House Panel Told EEOC Botched 200 Age Discrimination Cases

The Equal Employment Opportunity Commission failed to act last year on more than 200 age discrimination cases before the statute of limitations expired, EEOC Chairman Clarence Thomas told a hostile congressional hearing on Monday, a year after he had promised to improve the agency’s performance.

“It is troubling that . . . the agency charged with protecting victims of age discrimination has continued to allow over 200 age discrimination charges to die of old age,” said Rep. Tom Lantos (D-San Mateo), chairman of the employment subcommittee of the House Government Operations Committee.

Thomas, defending his leadership of the agency, said he had been the victim of two years of “terribly disturbing” harassment by Congress. Legislators refuse to give the EEOC enough money to do its job, he said, and then complain when it encounters problems.

“We are doing everything we can to ensure that charging parties do not lose their rights . . . I want the legislative branch to leave the agency alone to gets its house in order,” Thomas said.

The subcommittee’s ire at the EEOC was heightened by the testimony of Lynn Bruner, the agency’s district director in St. Louis, who said the agency’s top management has “defamed my character and standing as a government official.”

Bruner said the agency is trying to demote her because she criticized Thomas and because she testified last year before a Senate committee about the mishandling of age discrimination cases.

“My superiors decided to make me the scapegoat for what was a nationwide problem for failure to process (age discrimination) cases,” Bruner said. The EEOC has ordered Bruner removed from the Senior Executive Service, the elite corps of top civil service managers and demoted from her job as district director. The demotion Toldhas been halted pending an investigation by the Office of Special Counsel, an independent agency that considers grievances of government workers.

Monday’s hearing was the latest skirmish in an increasingly bitter battle between Thomas and his critics in Congress.

The EEOC became the center of controversy in 1987 and 1988 amid revelations that thousands of older workers were denied opportunities to press lawsuits in age discrimination cases. The EEOC failed to act on their complaints before the two-year deadline on lawsuits expired.

An angry Congress castigated the agency for the problem and passed a special law extending the right to file suit. Persons who had filed complaints with the EEOC between Jan. 1, 1984, and April 7, 1988, but whose cases may have been mishandled, were permitted to bring lawsuits until Sept. 28, 1989.

Notified Plaintiffs

More than 10,000 persons were notified that under the new law that they would be given the right to sue their former employers.

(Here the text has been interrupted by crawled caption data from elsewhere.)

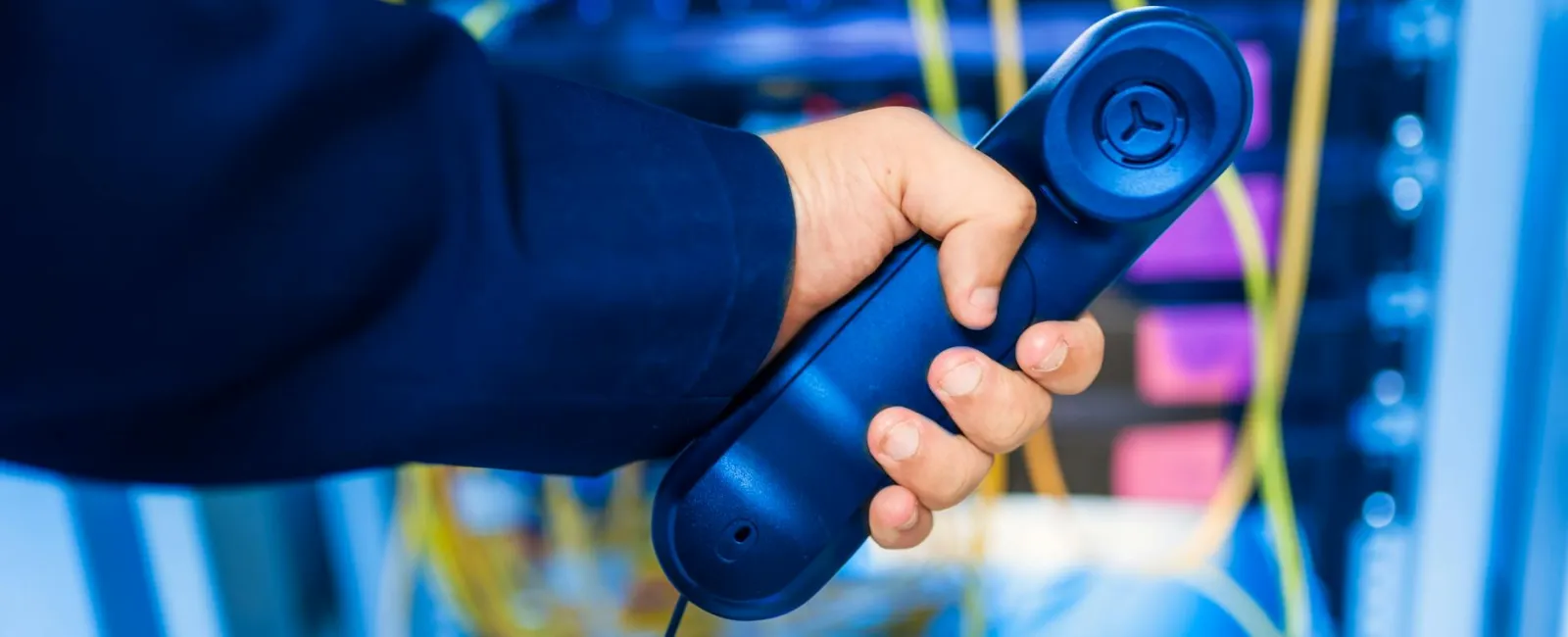 Person holding a blue telephone handset with network cables and server hardware in the background.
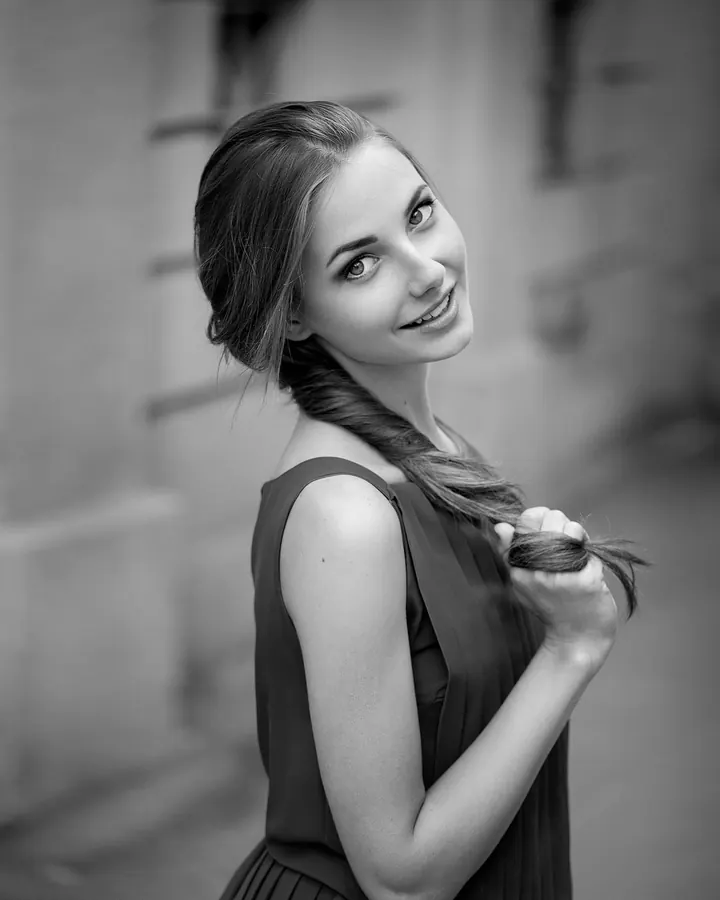 Femme blonde en robe noire, souriant à la caméra dans un portrait en noir et blanc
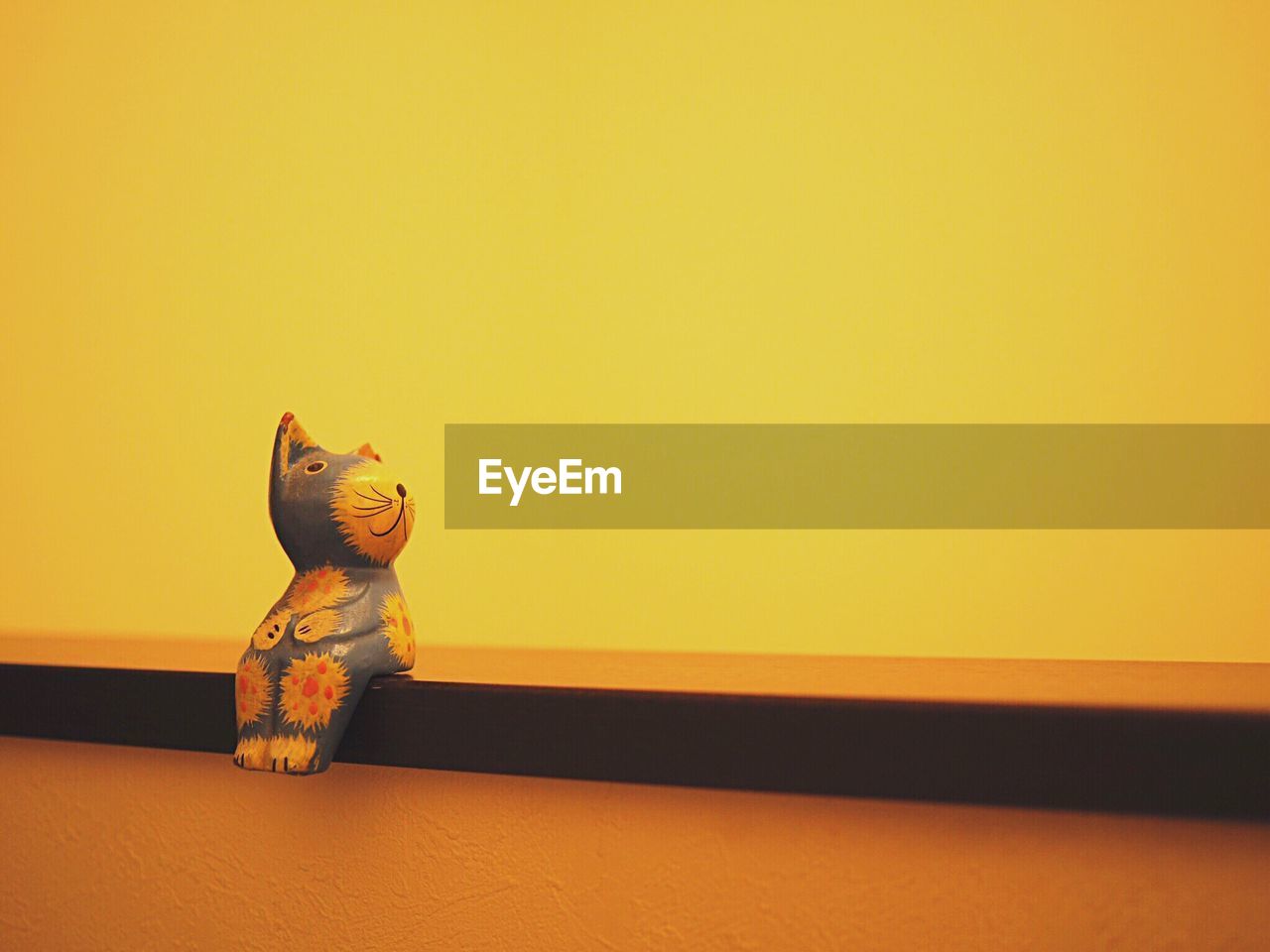 Close-up of toy on table against yellow background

Nevertheless, Thomas acknowledged Monday that his agency is still unable to deal with all its age discrimination cases before deadlines expire. Since last April, the two-year filing period has expired for 220 cases without action by the EEOC. “Unacceptable reasons include case tracking problems, staffing problems, heavy workload and delays by uncooperative respondents,” he told the subcommittee. He noted, however, that before the deadline expired, the agency realized it was unable to complete work on these cases and notified the plaintiffs that they still could file their own private lawsuits before time elapsed.

Thomas complained bitterly after the hearing that Congress was contributing to the agency’s difficulties by refusing to provide it with an adequate budget. “How do they expect me to drive to New York on a half a tank of gas?” he said, noting that the EEOC asked for $194 million for this fiscal year, but received $180 million.

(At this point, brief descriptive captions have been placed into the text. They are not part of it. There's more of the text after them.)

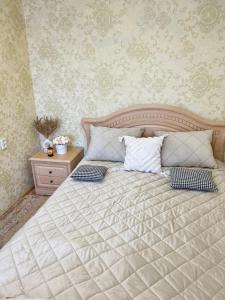 a bedroom with a bed with two pillows on it at 1-комнатные апартаменты на улице Естая, дом 89 напротив ТД Артур in Pavlodar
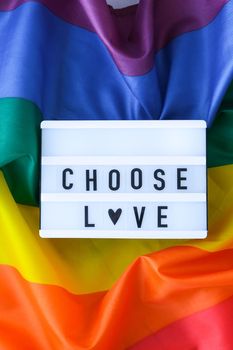 Rainbow flag with lightbox and text CHOOSE LOVE. Rainbow lgbtq flag made from silk material. Symbol of LGBTQ pride month. Equal rights. Peace and freedom. Support LGBTQ community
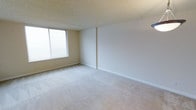 This single-floor space presents a clean, minimalist interior with a straightforward layout. The main living area is finished with wall-to-wall neutral beige carpeting, providing a soft underfoot feel that extends throughout the room. Walls are painted in a light, warm off-white tone, contributing to an open and airy atmosphere.

A large window along one wall allows generous natural light to fill the room, fitted with horizontal blinds for adjustable light control and privacy. The textured popcorn ceiling adds a subtle dimensional quality overhead, a classic finishing detail found in many buildings of this style.

White baseboards run along the perimeter of the room, neatly framing the carpet and walls. The room's proportions offer a comfortable sense of open space, with enough room to accommodate a variety of furniture arrangements. The overall ambiance is calm and neutral, providing a blank canvas well-suited for personalization. The space is practical and functional, reflecting a straightforward residential design with attention to basic comfort and livability.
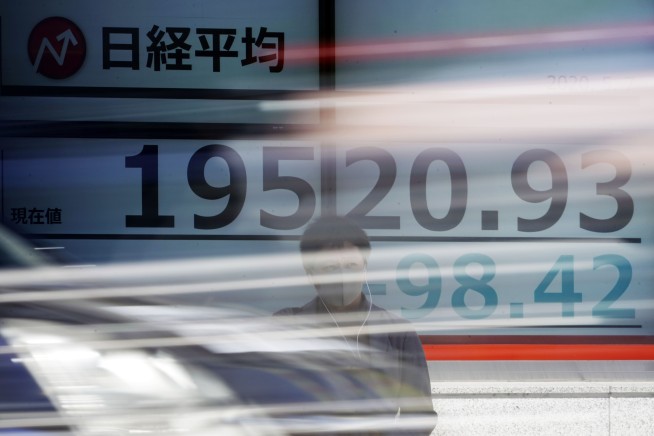 Wall Street rallies on hopes for slowing economic pain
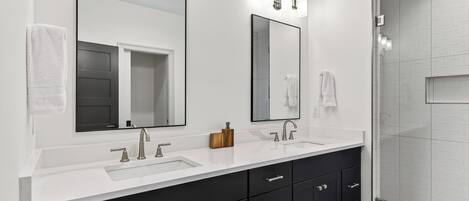 A modern bathroom with a white vanity, two sinks, a large mirror, and a shower area.
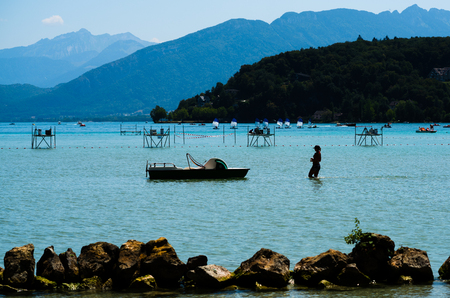 Silhouette of an unrecognizable beautiful woman walking in middle of Annecy lake toward her pedalo in Savoy Franceの写真素材
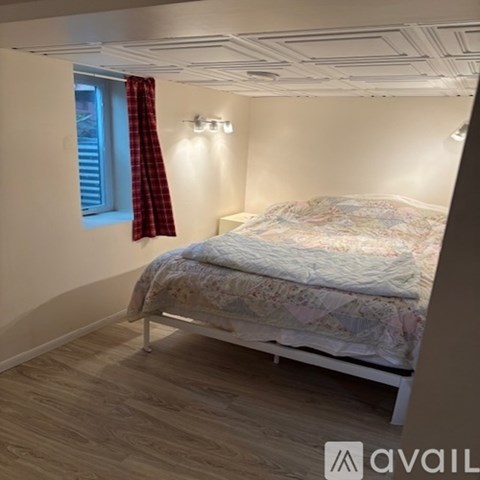 A bedroom with a bed, a window with a red curtain, and a wooden floor.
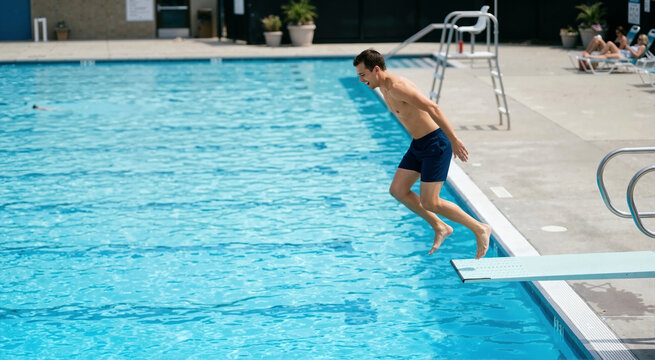 Man jumping off a diving board into a blue swimming pool. Male swimmer in mid-air enjoying summer water activities at an outdoor pool facility. Active vacation lifestyle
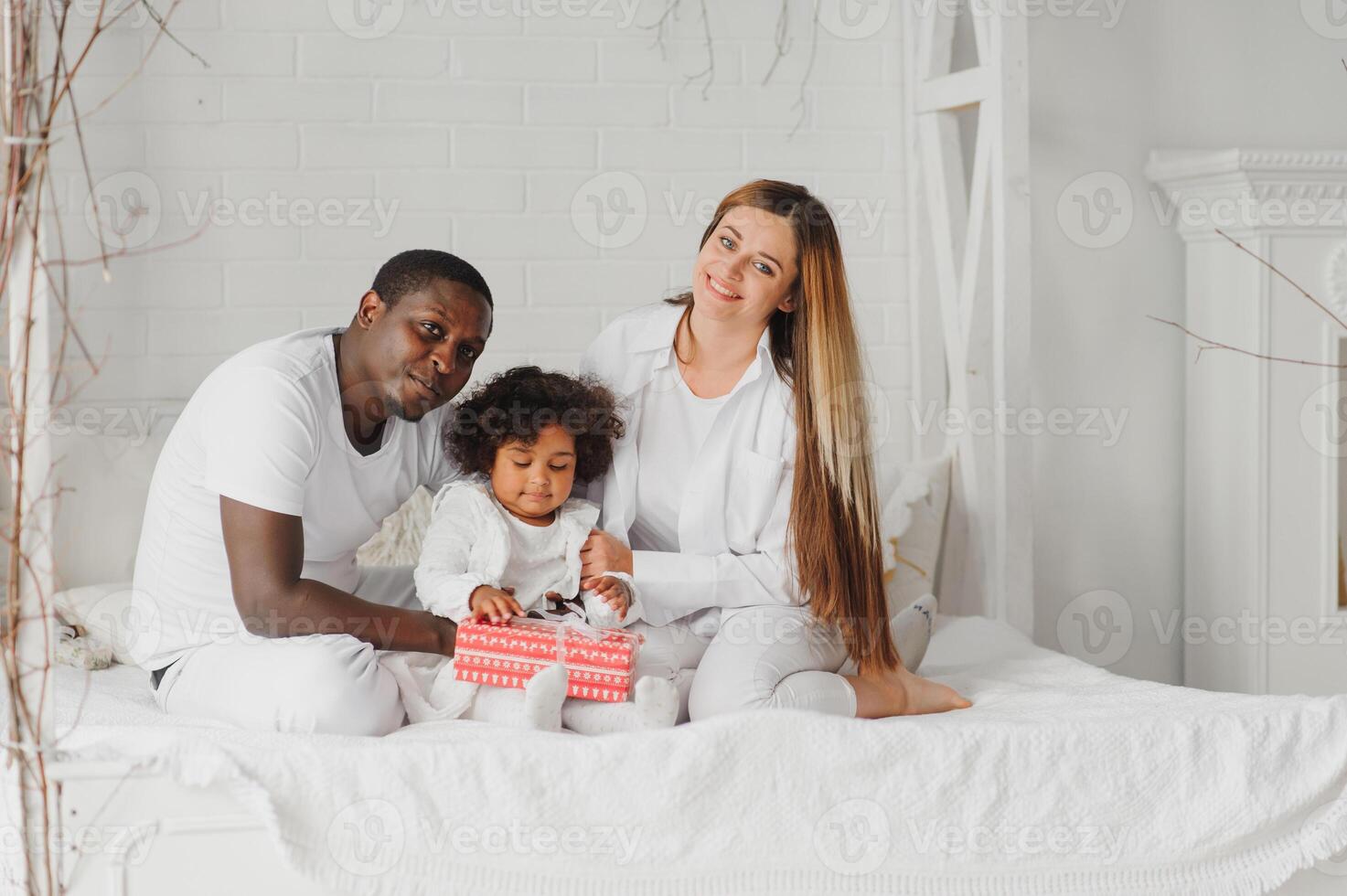 portret van gelukkig multiraciaal jong familie aan het liegen Aan knus wit bed Bij huis, glimlachen Internationale mam en vader ontspannende met weinig biraciaal meisje kind poseren voor afbeelding in slaapkamer foto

Rep. Matthew G. Martinez (D-Monterey Park), said Congress is “very upset” about the mishandling of age-related cases. The EEOC “keeps doing the same thing,” he said in an interview after the hearing. “Maybe we need to set up a special division of the agency that deals exclusively with age cases,” he said.

Martinez and Lantos were highly critical of the EEOC’s decision to demote Bruner, calling it an act of retaliation.

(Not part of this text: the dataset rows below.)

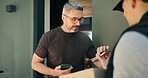 Delivery, package and phone payment with man at front door of home for receipt of online order. Box, courier and retail transaction with customer at entrance to apartment for ecommerce shipping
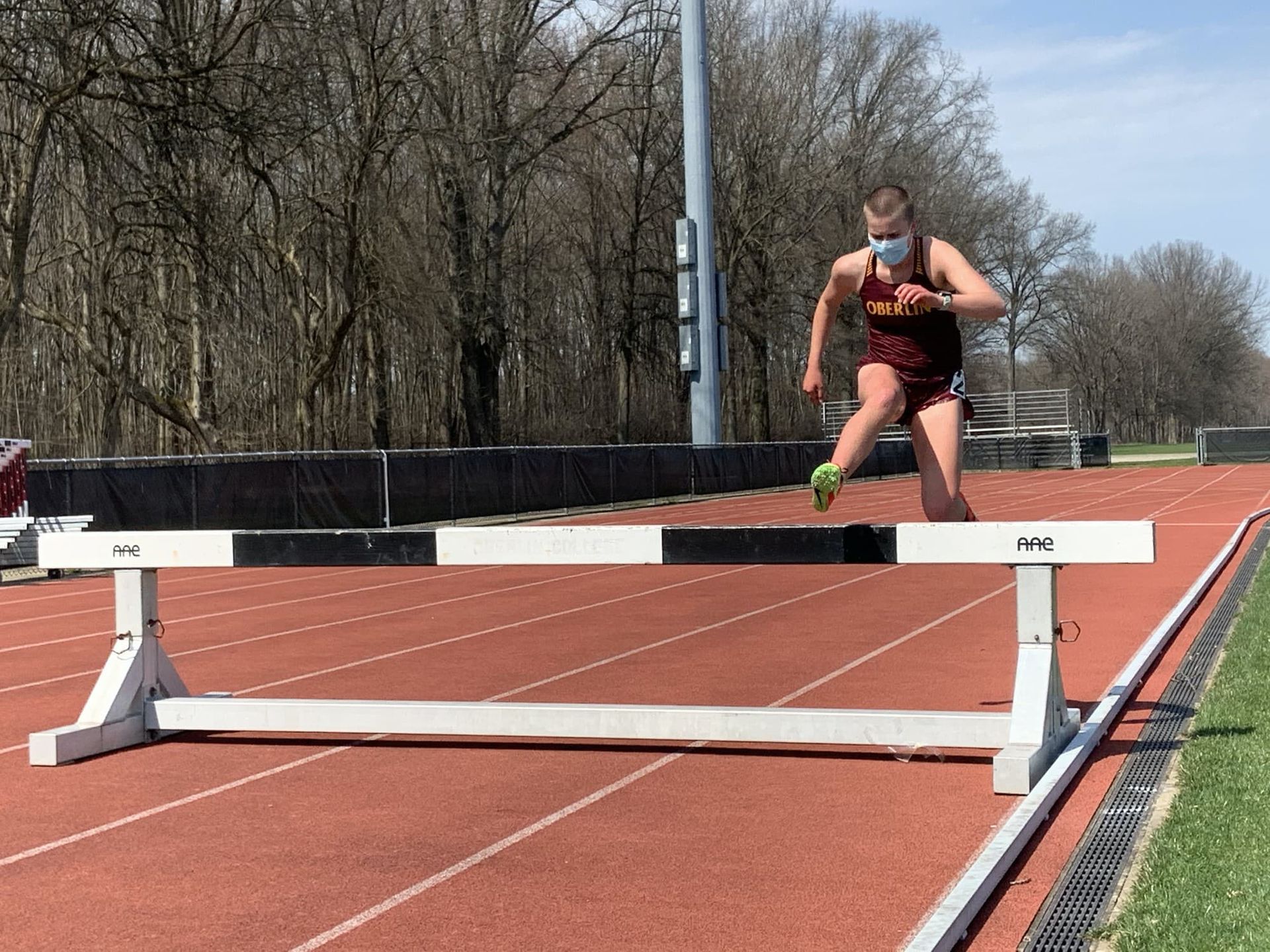 A runner jumps a hurdle
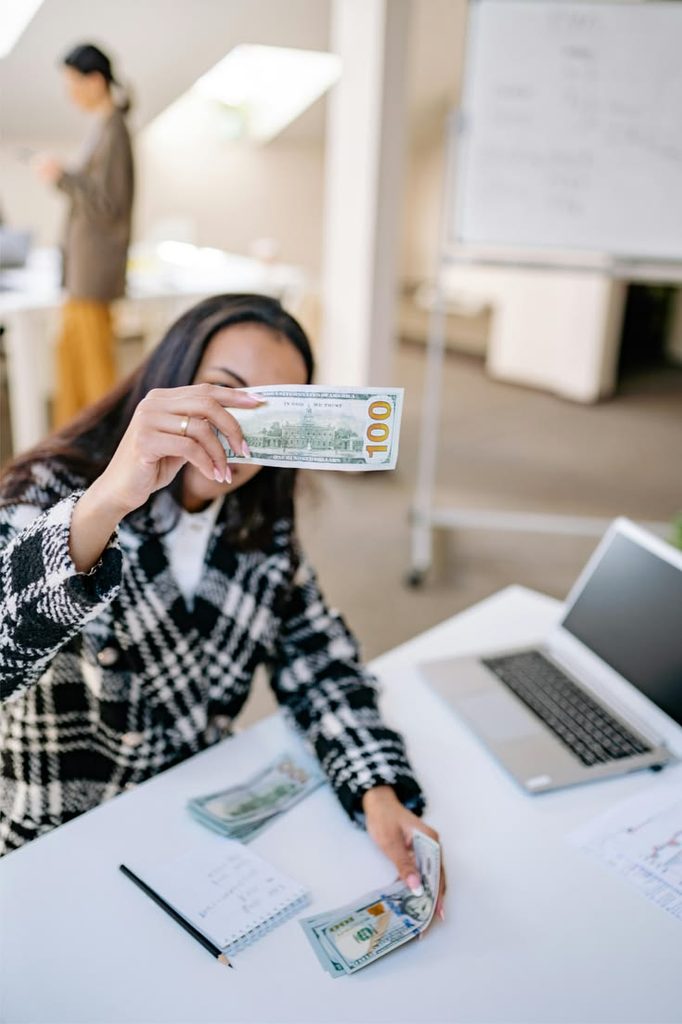 a young lady happy with some cash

Bruner, who has worked for the EEOC for 17 years, said, “Throughout all this time, I have been a team player and a loyal subordinate. I would never speak out publicly against my superiors unless I firmly believed that there was some large principle at stake.”

Press Contact Criticized

On June 21, a day before leaving for Washington to testify at a Senate hearing, Bruner was told by EEOC headquarters to stay in her office until 7 p.m. to receive a facsimile transmission of her mid-year review. The report, prepared by Jacquelyn Shelton, director of Western field operations, gave Bruner a negative evaluation, criticized her for speaking to the press about age discrimination cases and “placing the chairman in a negative light.”

Shelton, under intense questioning by committee members, said Bruner should have told headquarters that she was going to talk to the press.

“We are living in the U.S., not the Soviet Union,” Lantos replied. “Even in the Soviet Union, with glasnost, she can express her views.”

Thomas said he was unaware of the contents of Shelton’s report, but did not condone the criticism of her.